→ Task instructions:
Write out the records word for word, with no pictures.

Dataset entries:

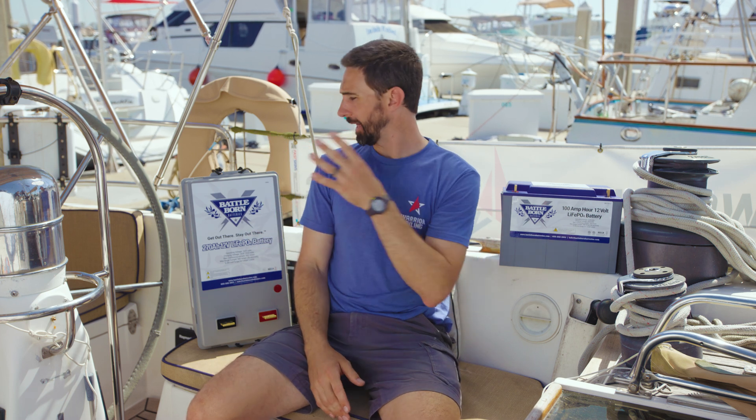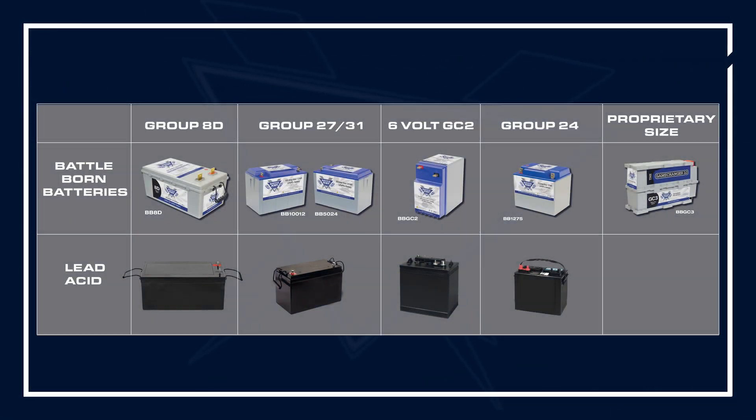So which Battle Born Battery is right for your boat? Well, it depends on what you currently have installed, because Battle Born makes a battery that will fit your form factor to match whatever existing size battery you have. So if you have, for instance, group 31s, you can have a battery that will fit in that same size, or 8D. All of these batteries have the same internal chemistry: lithium iron phosphate.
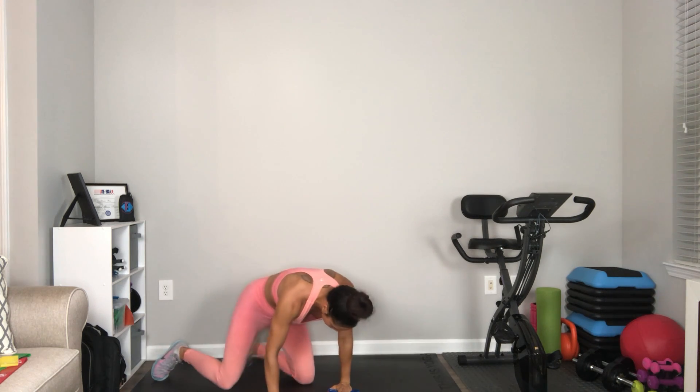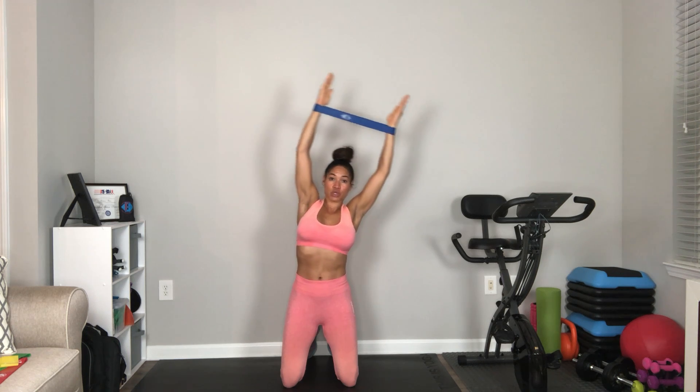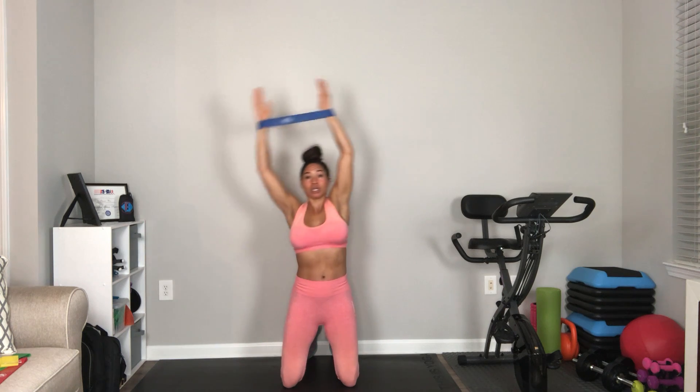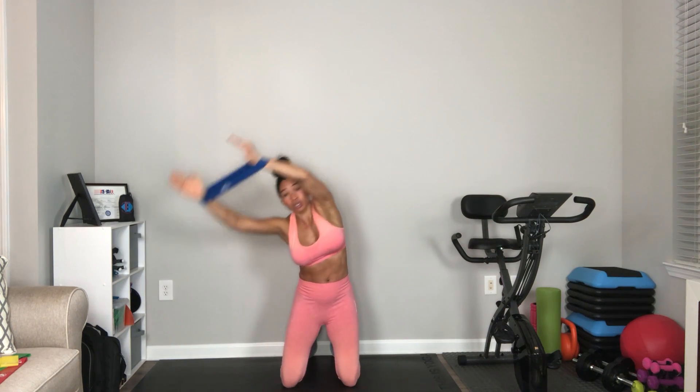Then you have the side oblique twists or crunch. You have your band resistance on your wrists. You're going to come all the way as far as you can to your right, all the way as far as you can to your left, and continue to do that — crunching and breathing out for the designated amount of breaths.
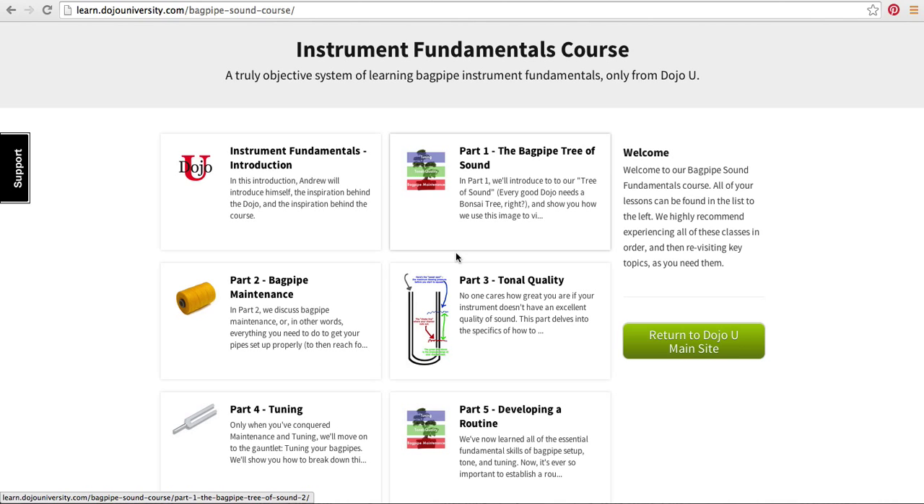Every great dojo needs a tree of course. We're going to build it from the bottom — starting with the roots of bagpipe maintenance, going up through tonal quality, and then only after we've built that foundation are we going to talk about tuning.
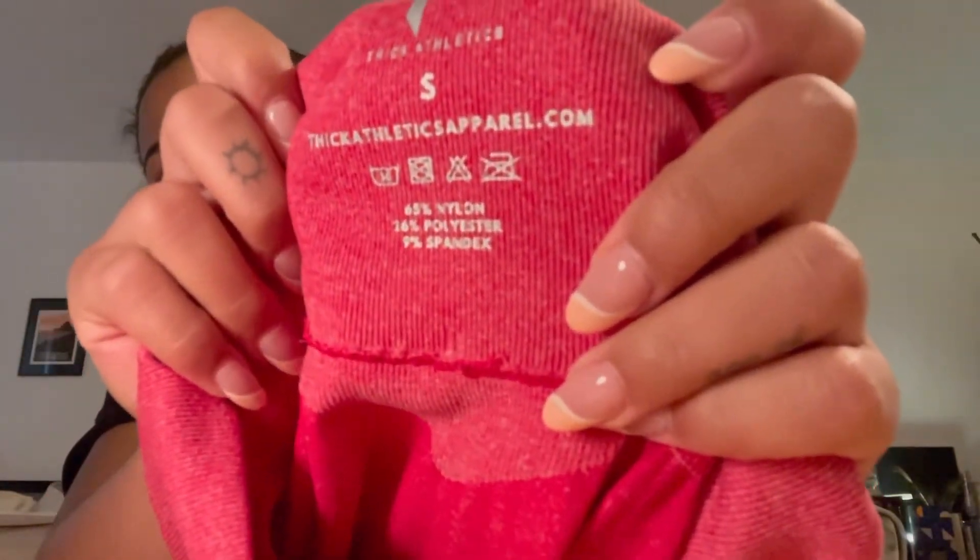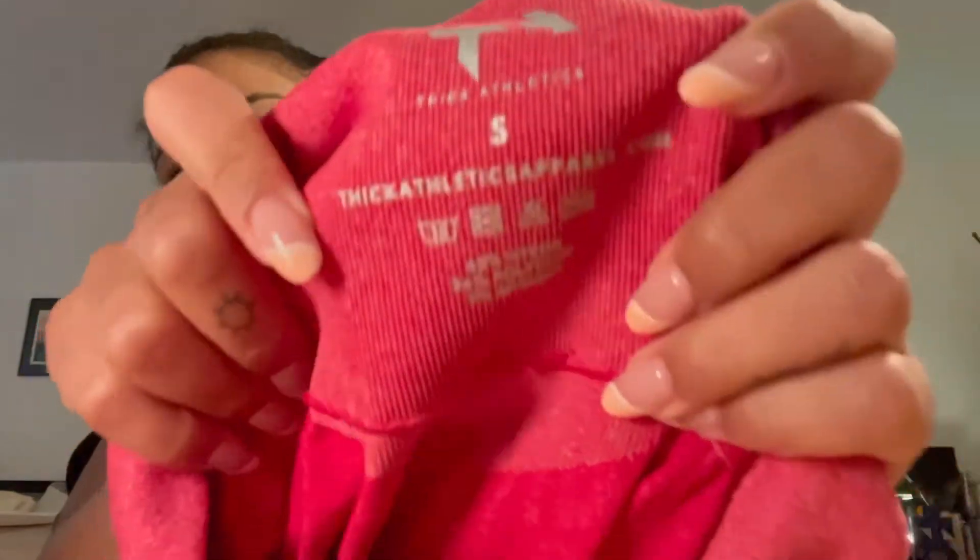I believe the shorts are a nylon-spandex blend — I'll put that in the description. For the leggings, they are 85% nylon, 26% polyester, and 9% spandex — which is a bit different from some of the other brands with this same pattern. I'm a small in both pieces — a true small, as I got these before my measurements went up. These fit well for a workout. I just got done working out in them and they still fit really well. I never feel like I'm going to rip these pants, so the quality is definitely there.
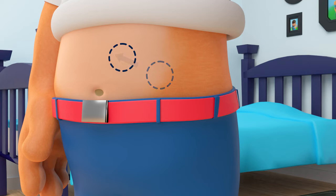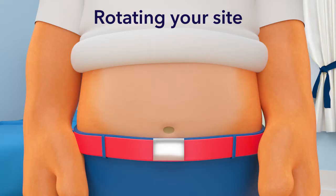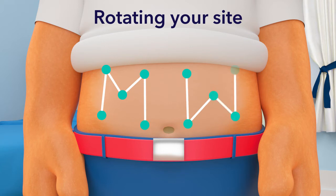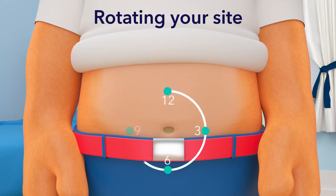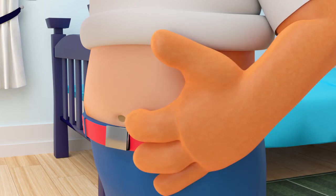The old set was here, so the new set can be here. We call this rotating your site. There are other ways you can rotate your site — for example, you can rotate your site in an M or W shape like this, or rotate like you're going around the clock like this.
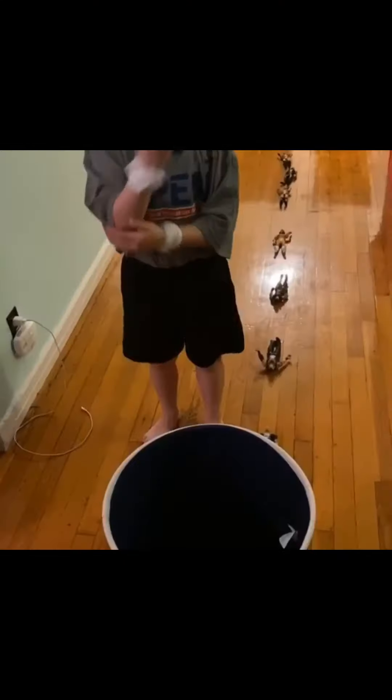Next up, we have Mr. Martinez and his son Mason with an amazing shooting activity. Let's see what they have for us today.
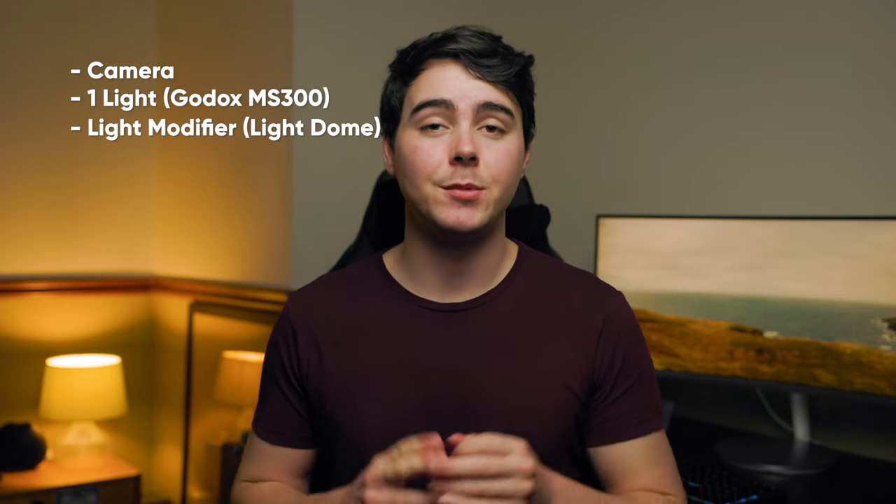Here's the equipment you need — it's pretty simple. You've got your camera and your lens, you need one light. I'm using a Godox MS300 strobe, and some kind of lighting modifier to go on the light — I'm using this Aperture light dome. This will change the quality of the light and make it look a lot softer on the face. Next we need a light stand, and that's about it. This is about as simple as you can get for a studio lighting setup.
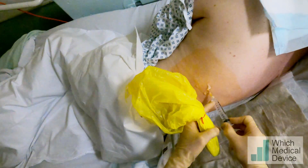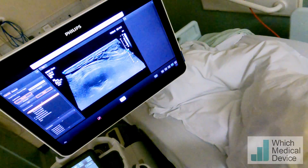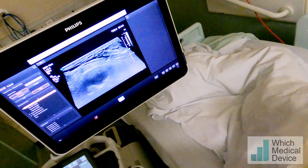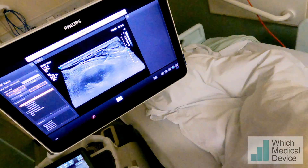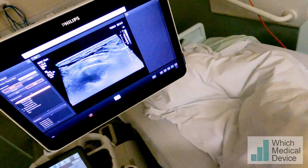That'll sting a little bit but hopefully not very much. You can see the needle very clearly there on the ultrasound. Is that okay?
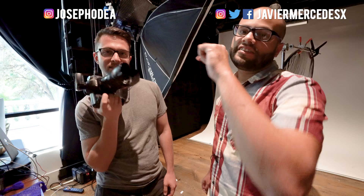Where can people find you, Joe? I'm on Instagram — my handle is Joseph O'Day, so Joseph and then O-D-E-A. You can find me here in the studio, just stop by The Chive. Don't forget to like and subscribe — I hope you guys found this helpful. Leave a question down for Joe in the comments about portrait headshots or anything photography. Until next time, Mercenation — Javier out.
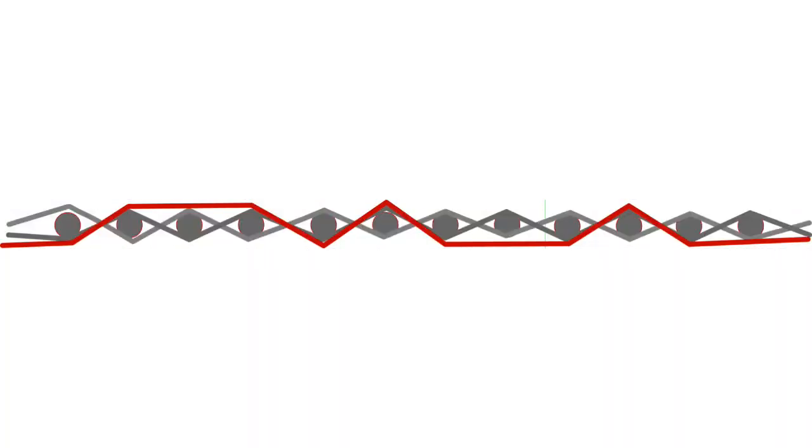The core idea of Baltic pick weaving is moving pattern warp threads either above or below the weft threads to create patterns as you weave the fabric. In this example, the round dots represent weft threads as seen from the side. The alternating gray lines represent the plain weave warp threads as they alternate above and below the weft. The red line represents the pattern thread that moves above and below the weft irregularly to form the pattern.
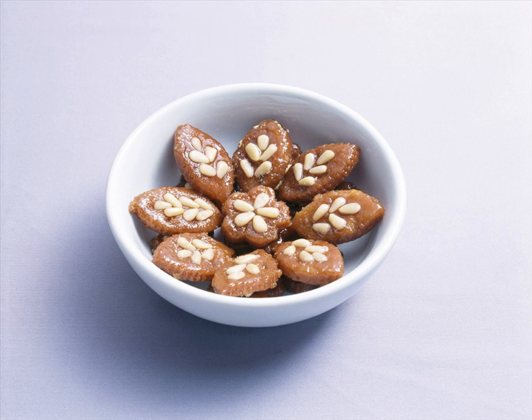Yakgwa, also called Guihul, is a flower-shaped Yugwa made by molding and deep-frying sweet dough. Yowagwa is a Yugwa made into the shape of water pepper flowers.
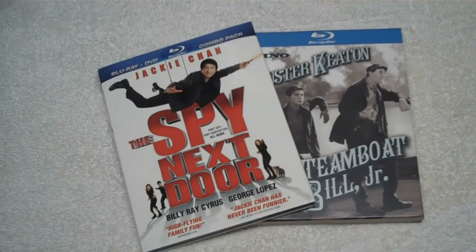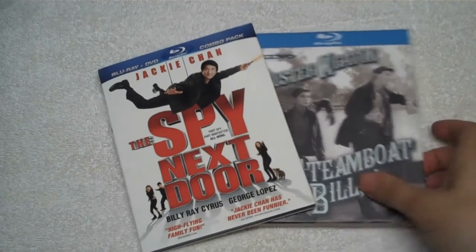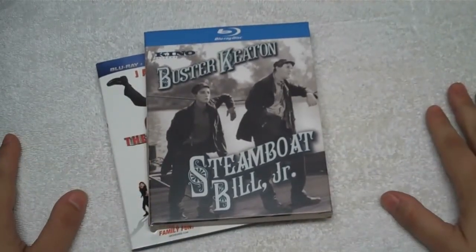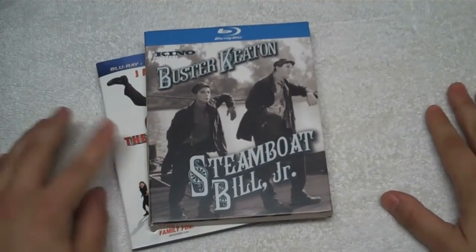Hello, welcome to a DoBlu.com video. This one isn't a review so much as it is a rant. Today, this came in for review. This is Steamboat Bill Jr., a Buster Keaton classic. This one comes from Kino.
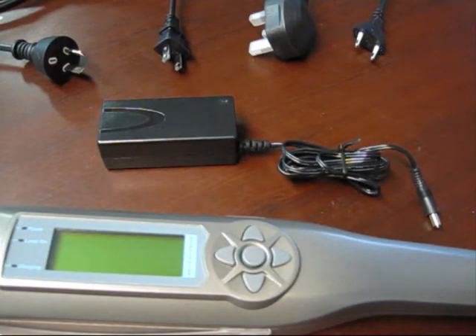Welcome to the first Dermaray UV demonstration video. In this video we shall demonstrate how to connect the Dermaray ultraviolet lamp to mains power in order to charge the internal batteries ready for the first use.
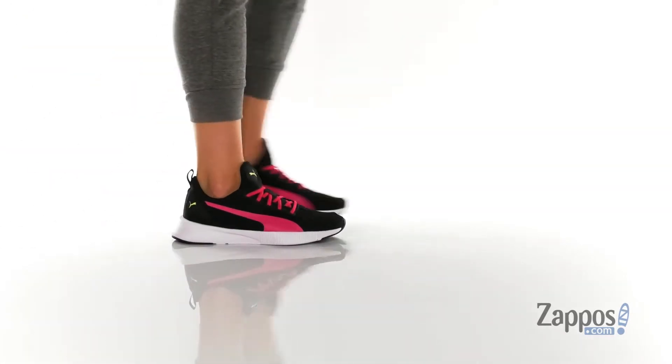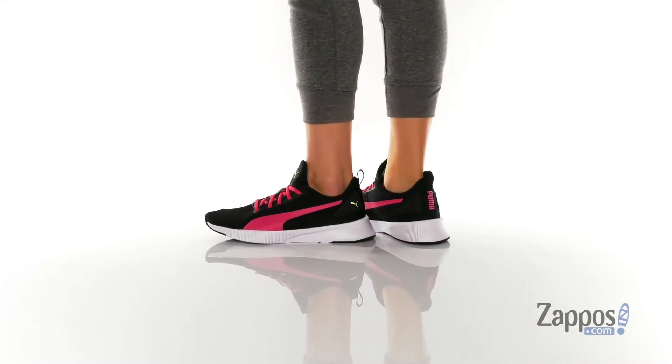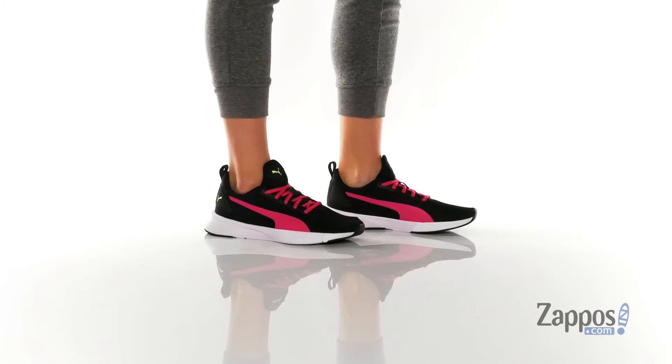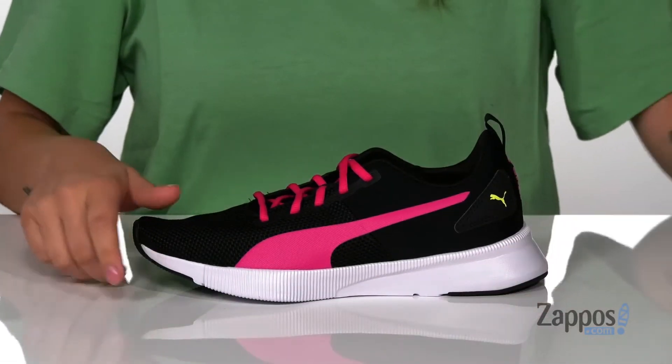Hey y'all, it's Katarina from Zappos and this is the Flyer Runner by Puma. These sneakers have a breathable textile and synthetic upper with a TPU overlay at the heel. That inner lining is textile with a little bit of cushioning around the collar.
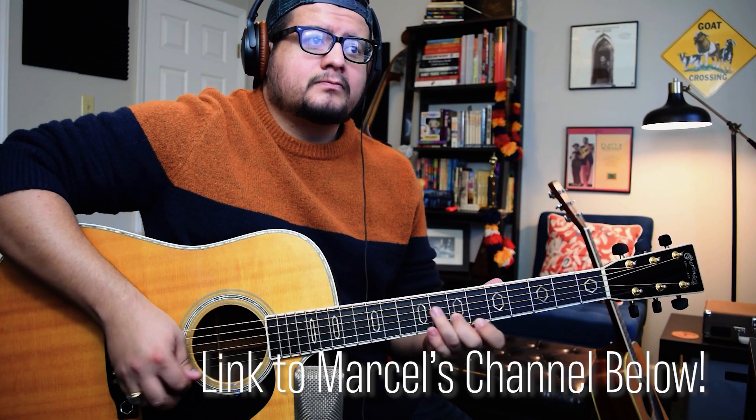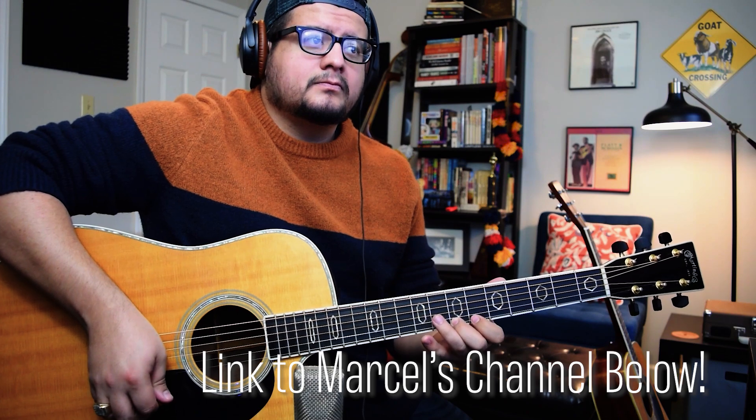Today we've got our first lick contributed by Marcel from Lessons with Marcel. Here's how I've chosen to interpret this lick on the banjo.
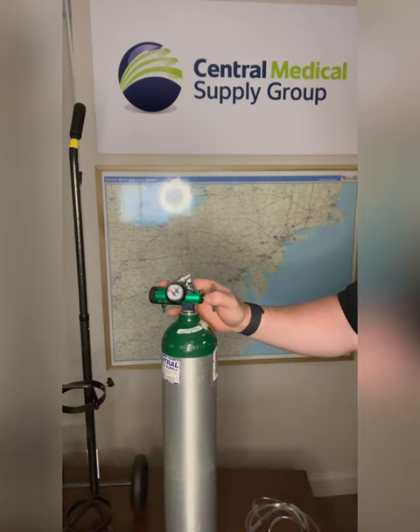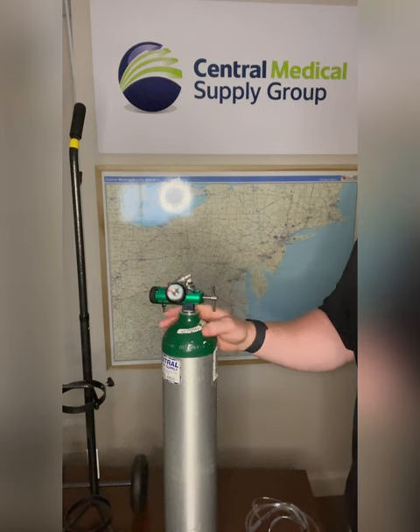If the regulator is not working properly or secured correctly, you will hear a loud hissing noise coming from the tank.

→ Solution to this exercise:
So which Battle Born Battery is right for your boat? Well, it depends on what you currently have installed, because Battle Born makes a battery that will fit your form factor to match whatever existing size battery you have. So if you have, for instance, group 31s, you can have a battery that will fit in that same size, or 8D. All of these batteries have the same internal chemistry: lithium iron phosphate.
Then you have the side oblique twists or crunch. You have your band resistance on your wrists. You're going to come all the way as far as you can to your right, all the way as far as you can to your left, and continue to do that — crunching and breathing out for the designated amount of breaths.
Every great dojo needs a tree of course. We're going to build it from the bottom — starting with the roots of bagpipe maintenance, going up through tonal quality, and then only after we've built that foundation are we going to talk about tuning.
I believe the shorts are a nylon-spandex blend — I'll put that in the description. For the leggings, they are 85% nylon, 26% polyester, and 9% spandex — which is a bit different from some of the other brands with this same pattern. I'm a small in both pieces — a true small, as I got these before my measurements went up. These fit well for a workout. I just got done working out in them and they still fit really well. I never feel like I'm going to rip these pants, so the quality is definitely there.
The old set was here, so the new set can be here. We call this rotating your site. There are other ways you can rotate your site — for example, you can rotate your site in an M or W shape like this, or rotate like you're going around the clock like this.
Next up, we have Mr. Martinez and his son Mason with an amazing shooting activity. Let's see what they have for us today.
Here's the equipment you need — it's pretty simple. You've got your camera and your lens, you need one light. I'm using a Godox MS300 strobe, and some kind of lighting modifier to go on the light — I'm using this Aperture light dome. This will change the quality of the light and make it look a lot softer on the face. Next we need a light stand, and that's about it. This is about as simple as you can get for a studio lighting setup.
That'll sting a little bit but hopefully not very much. You can see the needle very clearly there on the ultrasound. Is that okay?
Where can people find you, Joe? I'm on Instagram — my handle is Joseph O'Day, so Joseph and then O-D-E-A. You can find me here in the studio, just stop by The Chive. Don't forget to like and subscribe — I hope you guys found this helpful. Leave a question down for Joe in the comments about portrait headshots or anything photography. Until next time, Mercenation — Javier out.
The core idea of Baltic pick weaving is moving pattern warp threads either above or below the weft threads to create patterns as you weave the fabric. In this example, the round dots represent weft threads as seen from the side. The alternating gray lines represent the plain weave warp threads as they alternate above and below the weft. The red line represents the pattern thread that moves above and below the weft irregularly to form the pattern.
Yakgwa, also called Guihul, is a flower-shaped Yugwa made by molding and deep-frying sweet dough. Yowagwa is a Yugwa made into the shape of water pepper flowers.
Hello, welcome to a DoBlu.com video. This one isn't a review so much as it is a rant. Today, this came in for review. This is Steamboat Bill Jr., a Buster Keaton classic. This one comes from Kino.
Welcome to the first Dermaray UV demonstration video. In this video we shall demonstrate how to connect the Dermaray ultraviolet lamp to mains power in order to charge the internal batteries ready for the first use.
Hey y'all, it's Katarina from Zappos and this is the Flyer Runner by Puma. These sneakers have a breathable textile and synthetic upper with a TPU overlay at the heel. That inner lining is textile with a little bit of cushioning around the collar.
Today we've got our first lick contributed by Marcel from Lessons with Marcel. Here's how I've chosen to interpret this lick on the banjo.
If the regulator is not working properly or secured correctly, you will hear a loud hissing noise coming from the tank.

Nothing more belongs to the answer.